Record set:
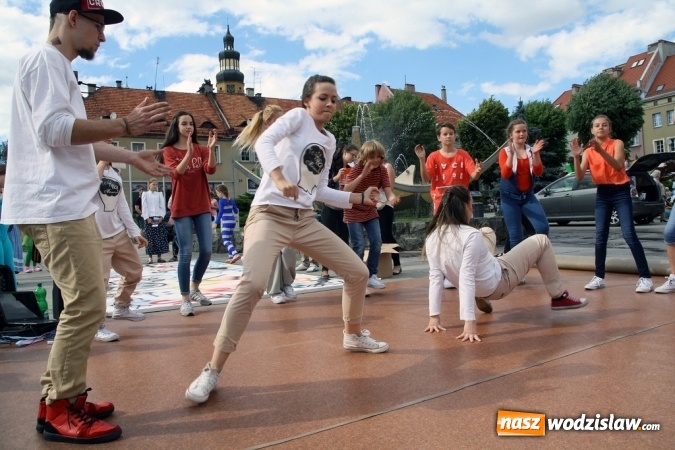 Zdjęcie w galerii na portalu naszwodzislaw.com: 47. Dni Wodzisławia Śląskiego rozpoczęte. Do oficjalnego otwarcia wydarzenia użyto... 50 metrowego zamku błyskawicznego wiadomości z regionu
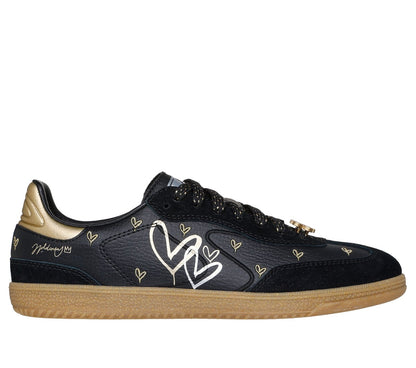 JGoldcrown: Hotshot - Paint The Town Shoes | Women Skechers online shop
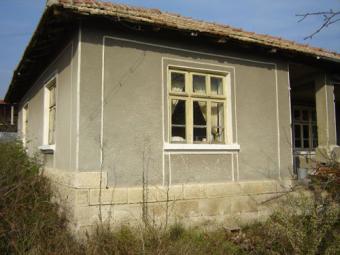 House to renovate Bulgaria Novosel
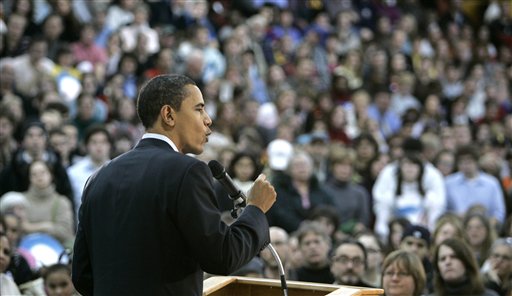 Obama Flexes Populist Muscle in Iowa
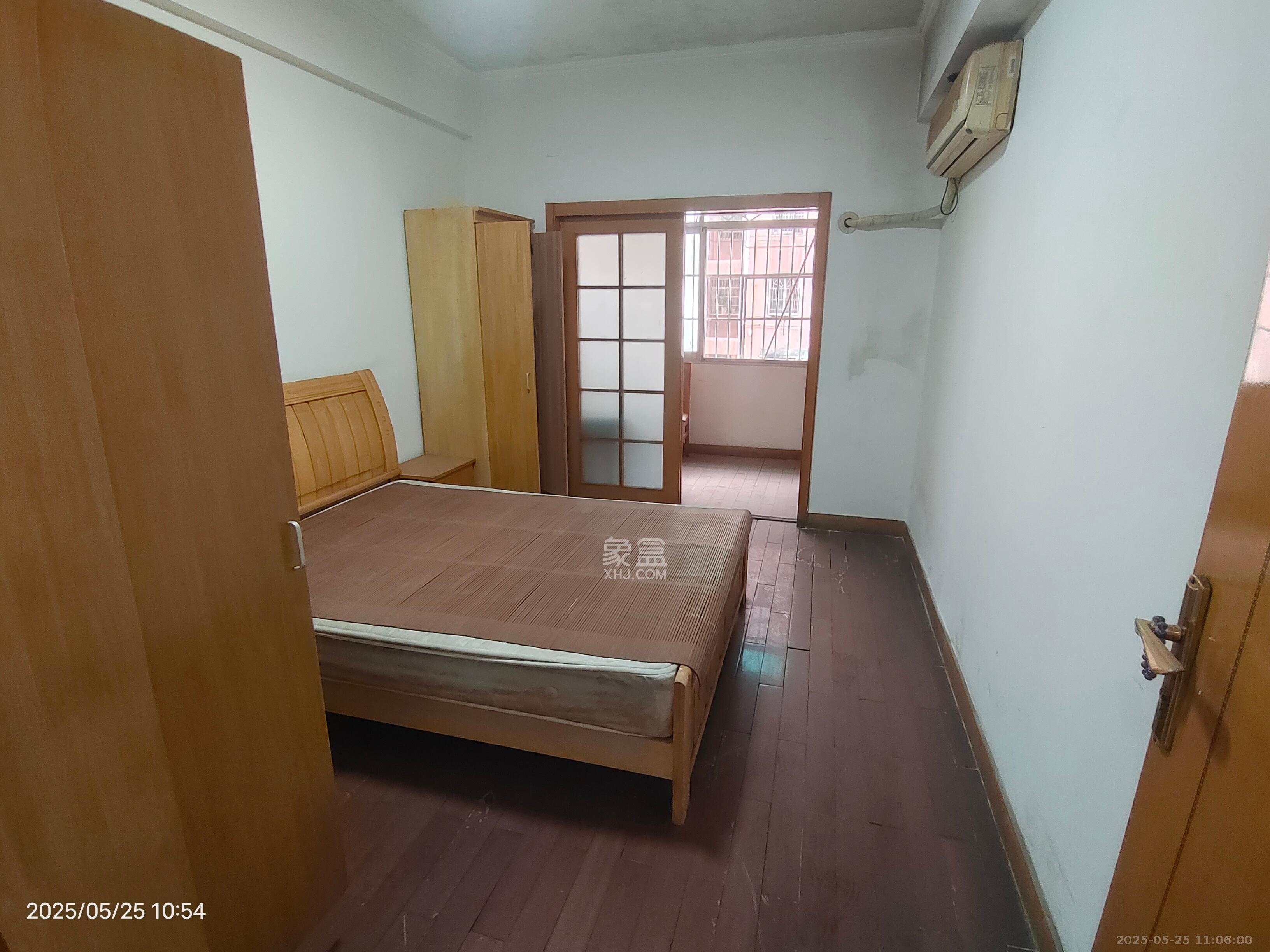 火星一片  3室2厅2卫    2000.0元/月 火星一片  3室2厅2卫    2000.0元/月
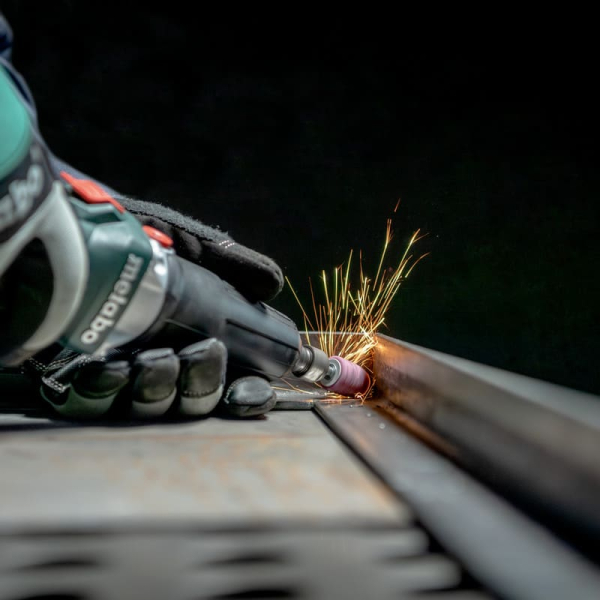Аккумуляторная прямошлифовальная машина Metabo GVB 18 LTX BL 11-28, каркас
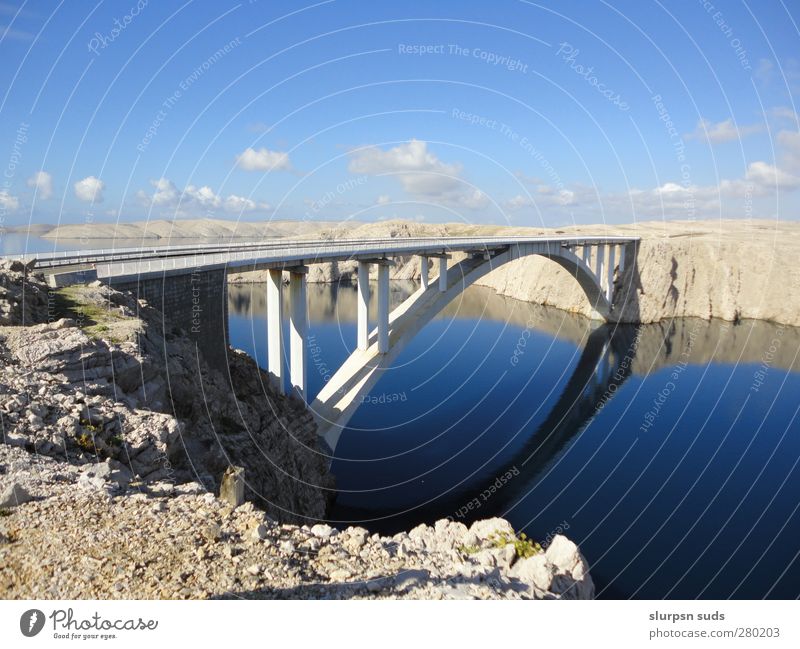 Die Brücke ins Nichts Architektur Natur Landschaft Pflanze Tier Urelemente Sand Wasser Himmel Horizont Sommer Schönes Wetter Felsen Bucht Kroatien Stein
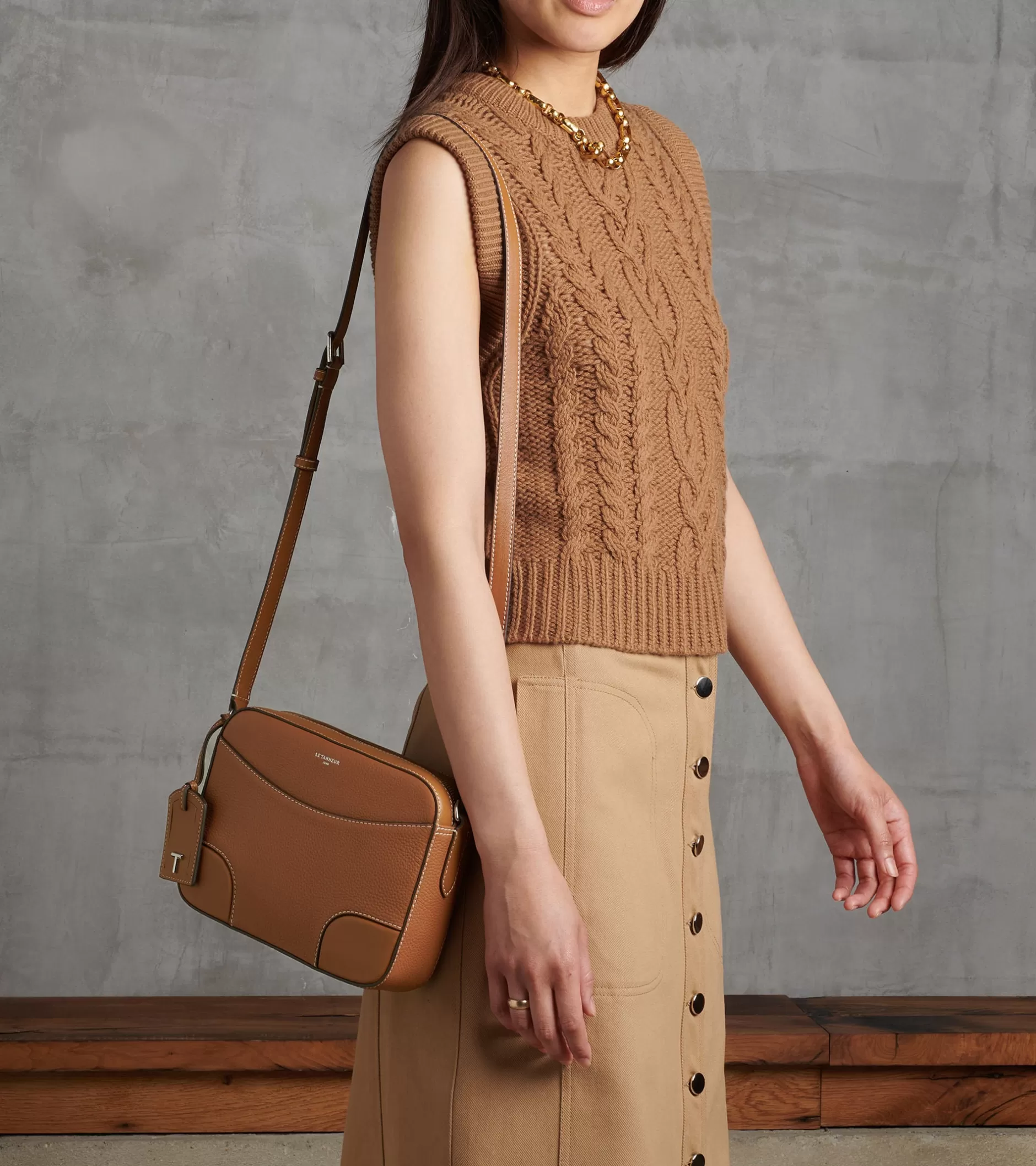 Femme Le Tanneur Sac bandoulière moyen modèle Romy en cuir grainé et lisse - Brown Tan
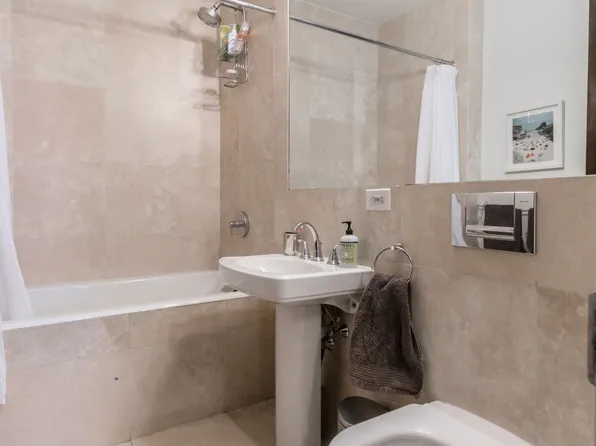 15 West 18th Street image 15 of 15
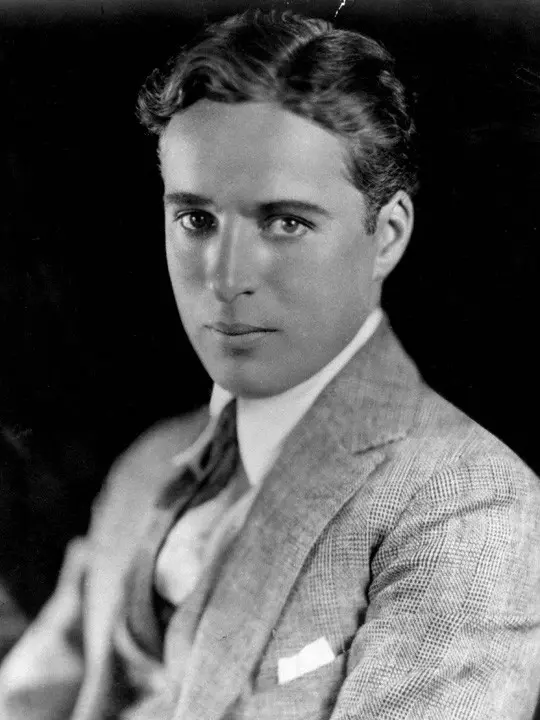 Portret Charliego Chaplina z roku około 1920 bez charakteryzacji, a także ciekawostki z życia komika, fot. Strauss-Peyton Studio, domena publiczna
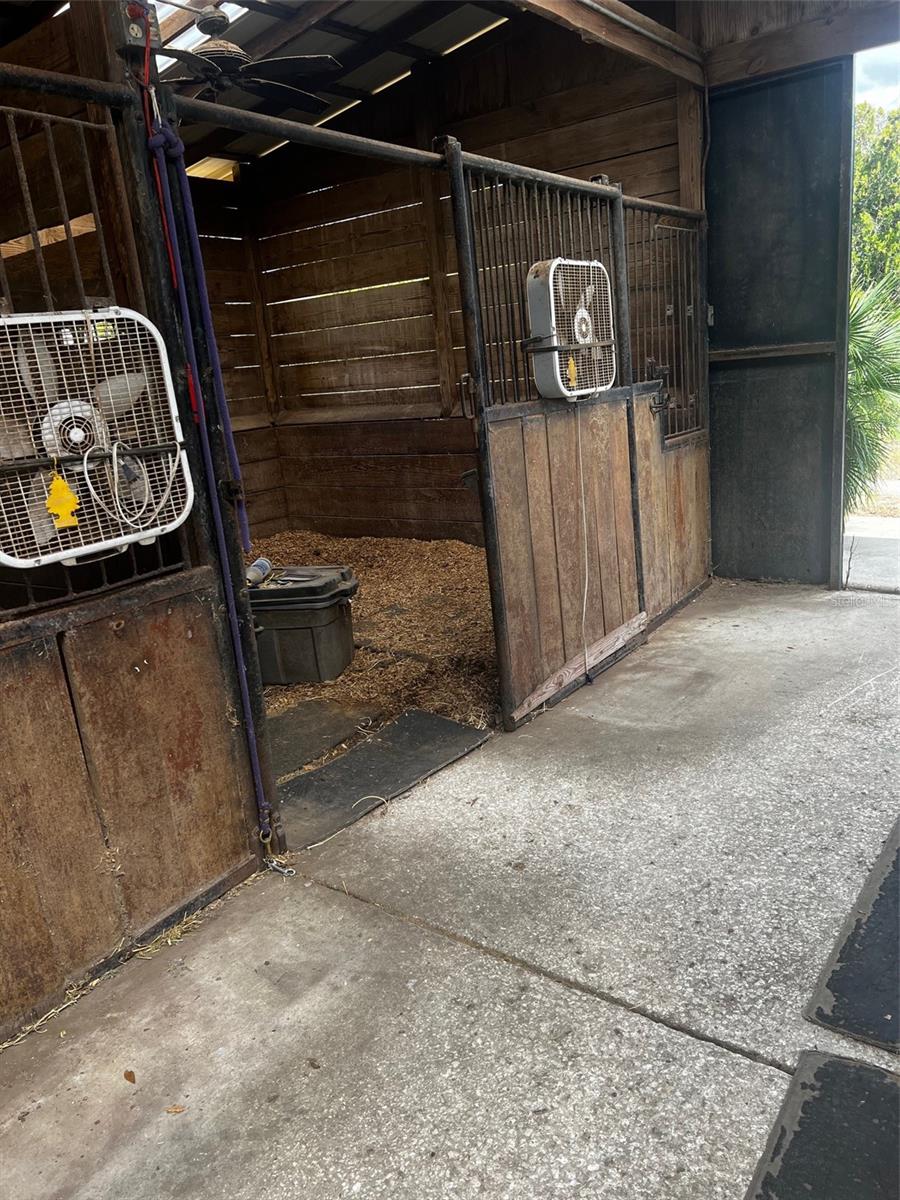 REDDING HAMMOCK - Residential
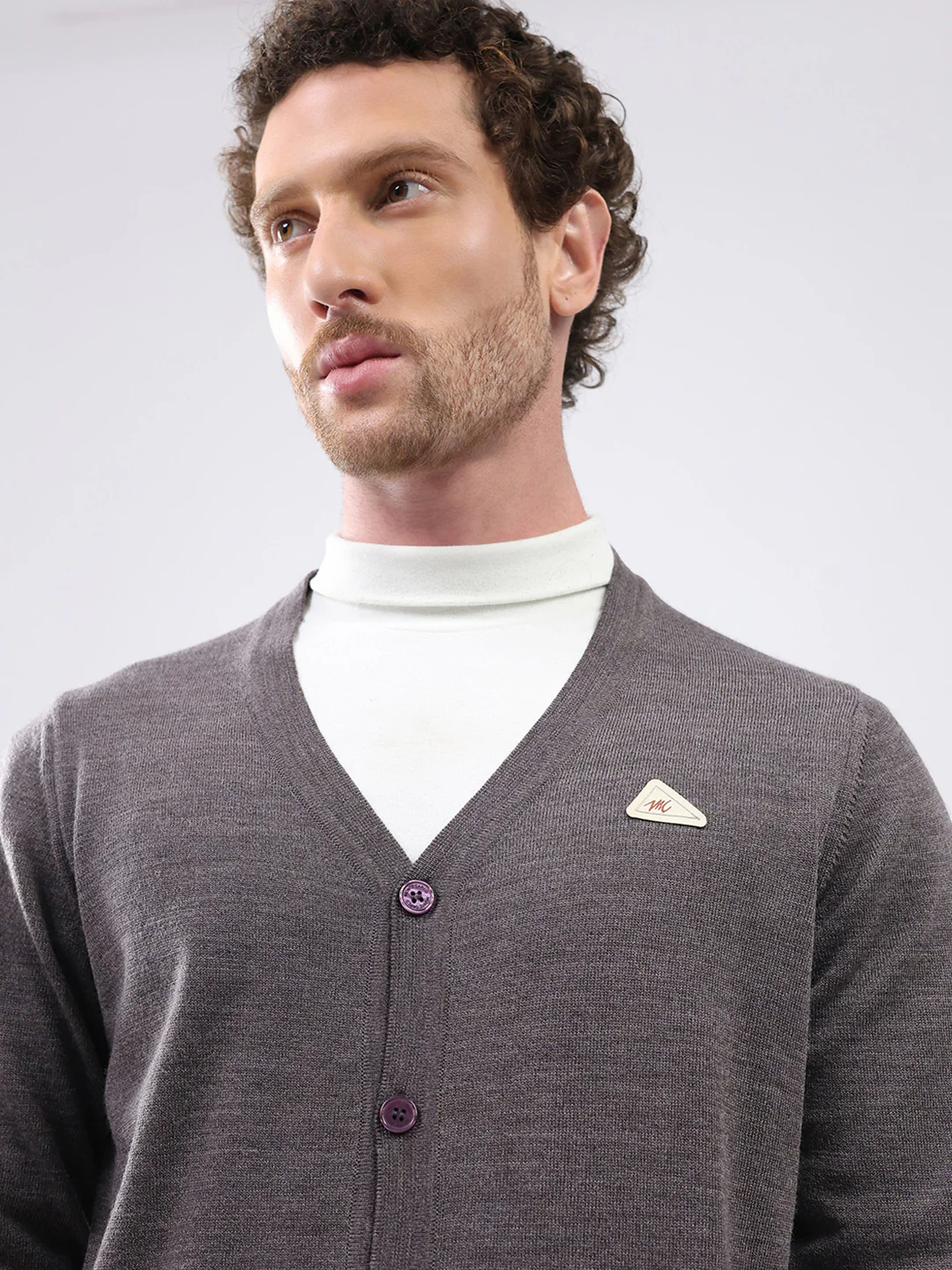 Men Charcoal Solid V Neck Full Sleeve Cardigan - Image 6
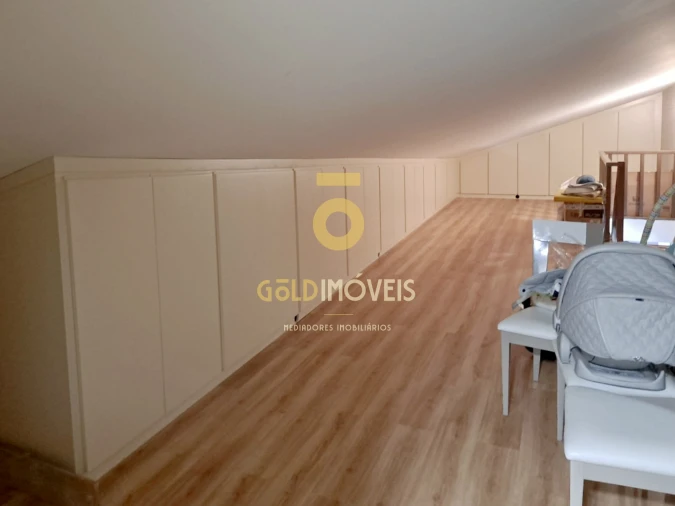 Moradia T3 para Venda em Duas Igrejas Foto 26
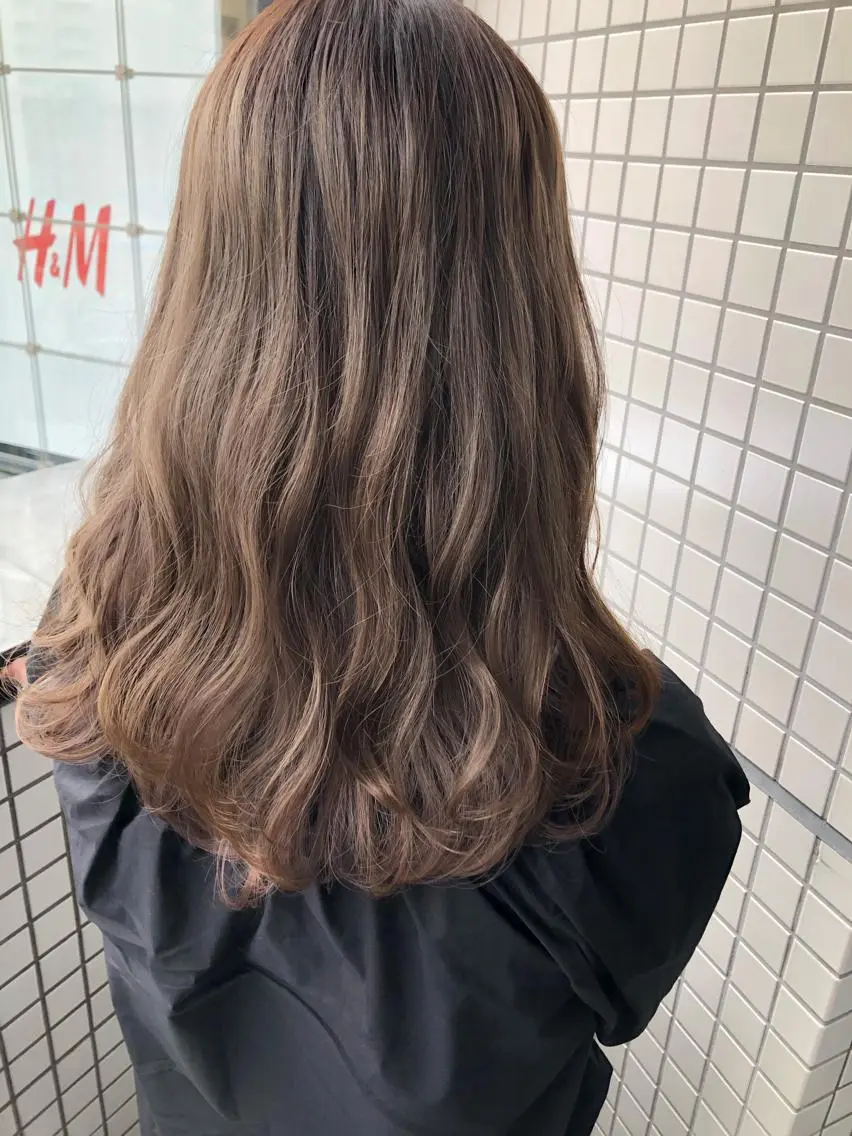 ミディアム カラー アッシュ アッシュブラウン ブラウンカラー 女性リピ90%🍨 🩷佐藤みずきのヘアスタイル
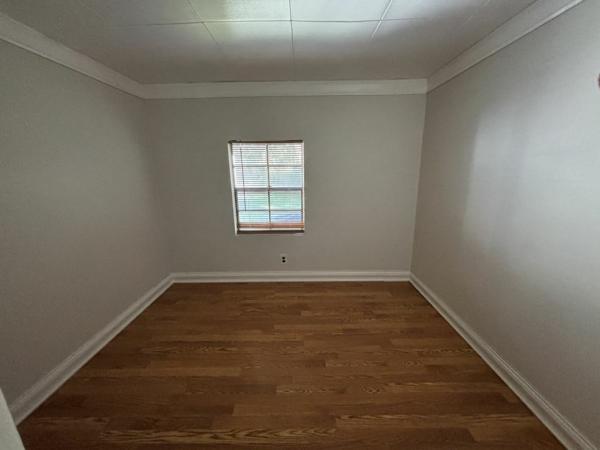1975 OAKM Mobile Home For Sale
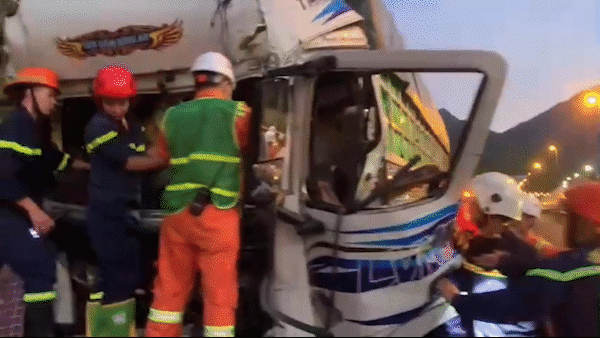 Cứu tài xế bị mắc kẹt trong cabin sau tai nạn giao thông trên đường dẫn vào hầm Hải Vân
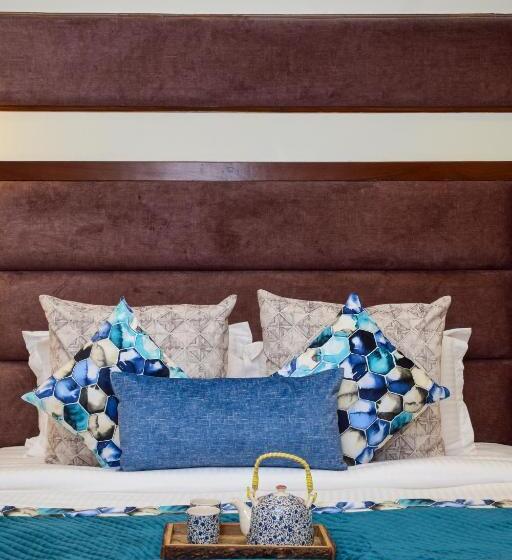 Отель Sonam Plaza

Description of the task: All entries above are to be restated exactly, with every image omitted.

Answer box:
 Zdjęcie w galerii na portalu naszwodzislaw.com: 47. Dni Wodzisławia Śląskiego rozpoczęte. Do oficjalnego otwarcia wydarzenia użyto... 50 metrowego zamku błyskawicznego wiadomości z regionu
 JGoldcrown: Hotshot - Paint The Town Shoes | Women Skechers online shop
 House to renovate Bulgaria Novosel
 Obama Flexes Populist Muscle in Iowa
 火星一片  3室2厅2卫    2000.0元/月 火星一片  3室2厅2卫    2000.0元/月
Аккумуляторная прямошлифовальная машина Metabo GVB 18 LTX BL 11-28, каркас
 Die Brücke ins Nichts Architektur Natur Landschaft Pflanze Tier Urelemente Sand Wasser Himmel Horizont Sommer Schönes Wetter Felsen Bucht Kroatien Stein
 Femme Le Tanneur Sac bandoulière moyen modèle Romy en cuir grainé et lisse - Brown Tan
 15 West 18th Street image 15 of 15
 Portret Charliego Chaplina z roku około 1920 bez charakteryzacji, a także ciekawostki z życia komika, fot. Strauss-Peyton Studio, domena publiczna
 REDDING HAMMOCK - Residential
 Men Charcoal Solid V Neck Full Sleeve Cardigan - Image 6
 Moradia T3 para Venda em Duas Igrejas Foto 26
 ミディアム カラー アッシュ アッシュブラウン ブラウンカラー 女性リピ90%🍨 🩷佐藤みずきのヘアスタイル
1975 OAKM Mobile Home For Sale
 Cứu tài xế bị mắc kẹt trong cabin sau tai nạn giao thông trên đường dẫn vào hầm Hải Vân
 Отель Sonam Plaza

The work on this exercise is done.